Is is true that you are never truly ready to have a baby no matter the circumstances? Well I think I have to agree that no on is ever ready to add a new member to the family, it is a huge change, but you can prepared in other ways.
You can make sure you have enough money in savings for emergencies, decide if one parent is going to stay at home with the baby, make sure you have enough income to support that decision, do you live in a family oriented area? Are there good schools nearby? Do you have a house? The list can go on and on.
Here is/was our list and why we will be starting to try in September!
- Have a house/home
- Have job security - steady/good income so I can be a stay-at-home mom
- Fix up home
- Enjoy being married for a couple years before adding a baby (almost 3 years now!)

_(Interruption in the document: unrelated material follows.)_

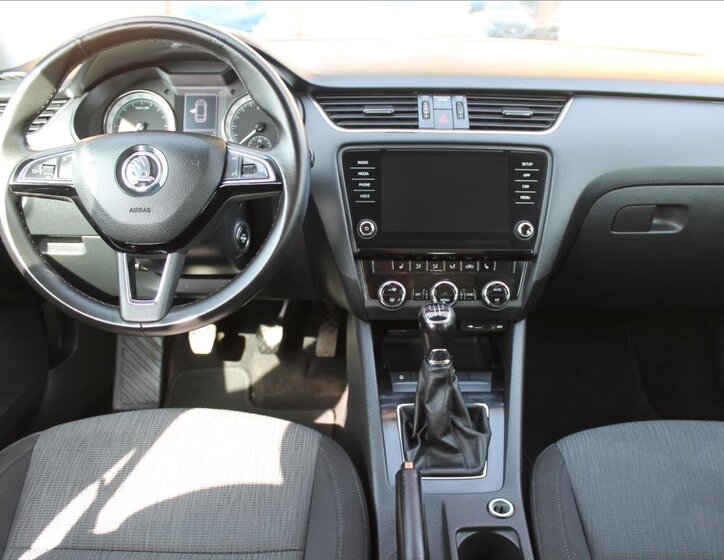 Škoda Octavia Kombi 1,6 l 85 kw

- Have a good amount in savings
- Run the Disneyland 10k! (which is why we are waiting till September)
It seems like a short list, but I didn't want to list every single little thing under the "fix up home" category, but we wanted to get some major things fixed before adding a baby to the mix. So all that's left is our vacation to California!
Does that mean we'll be ready for a baby? Truthfully, probably not. It took me awhile to adjust to having a dog and now I love her to bits, but that first month was tough, and a baby is going to be tougher. Luckily I have the ability to be a stay-at-home mom, so I won't have the added job stress. I'll be able to quit and focus on our baby. Once we adjust to having a little one, I might go back to work or see if I can find a job that allows me to work from home. We will have to see how things go, after all, the only way to find out is to dive right in!
However, I feel it is wrong to push someone into having children because they can never truly be "ready." No one should feel pressured into having children when they don't feel ready. That said, we finally do feel as if we are as ready as can be to have a baby.
Another thing to keep in mind is age. My husband was 24 and I was 21 when we got married. We had plenty of time. We didn't feel the need to rush in, despite everyone else thinking we should. We were young and wanted some us time, time to get settled down, and now, three years later, we feel ready and I'm glad we didn't give in to the pressure.
For those who aren't trying yet, what's on your list? For those who are trying or already have children, what was on your list?